[Opening DATA FOR THIS TASK section]

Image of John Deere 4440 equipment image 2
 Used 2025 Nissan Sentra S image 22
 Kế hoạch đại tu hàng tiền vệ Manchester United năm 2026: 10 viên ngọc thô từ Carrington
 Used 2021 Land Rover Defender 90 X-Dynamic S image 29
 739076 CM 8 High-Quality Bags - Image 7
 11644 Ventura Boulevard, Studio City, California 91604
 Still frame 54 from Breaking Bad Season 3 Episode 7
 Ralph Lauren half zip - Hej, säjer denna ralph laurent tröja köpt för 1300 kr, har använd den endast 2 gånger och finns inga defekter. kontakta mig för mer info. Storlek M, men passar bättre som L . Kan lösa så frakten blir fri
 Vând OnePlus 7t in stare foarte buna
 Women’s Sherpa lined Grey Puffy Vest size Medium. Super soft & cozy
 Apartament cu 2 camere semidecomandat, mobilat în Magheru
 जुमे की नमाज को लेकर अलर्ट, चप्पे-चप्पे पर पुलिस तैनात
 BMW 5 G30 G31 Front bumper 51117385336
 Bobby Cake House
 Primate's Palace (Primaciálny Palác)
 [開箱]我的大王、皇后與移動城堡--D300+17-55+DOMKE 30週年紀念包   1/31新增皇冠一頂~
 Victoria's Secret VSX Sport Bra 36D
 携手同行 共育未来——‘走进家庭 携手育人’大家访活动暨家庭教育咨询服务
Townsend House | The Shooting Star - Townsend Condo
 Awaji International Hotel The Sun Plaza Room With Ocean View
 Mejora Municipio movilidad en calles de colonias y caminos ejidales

[Closing DATA FOR THIS TASK section]

PROBLEM:
Please quote exactly the lines from the one containing "Vând OnePlus 7t in stare foarte buna" through the last line of the records above, both included, and nothing else.

WORKED SOLUTION:
 Vând OnePlus 7t in stare foarte buna
 Women’s Sherpa lined Grey Puffy Vest size Medium. Super soft & cozy
 Apartament cu 2 camere semidecomandat, mobilat în Magheru
 जुमे की नमाज को लेकर अलर्ट, चप्पे-चप्पे पर पुलिस तैनात
 BMW 5 G30 G31 Front bumper 51117385336
 Bobby Cake House
 Primate's Palace (Primaciálny Palác)
 [開箱]我的大王、皇后與移動城堡--D300+17-55+DOMKE 30週年紀念包   1/31新增皇冠一頂~
 Victoria's Secret VSX Sport Bra 36D
 携手同行 共育未来——‘走进家庭 携手育人’大家访活动暨家庭教育咨询服务
Townsend House | The Shooting Star - Townsend Condo
 Awaji International Hotel The Sun Plaza Room With Ocean View
 Mejora Municipio movilidad en calles de colonias y caminos ejidales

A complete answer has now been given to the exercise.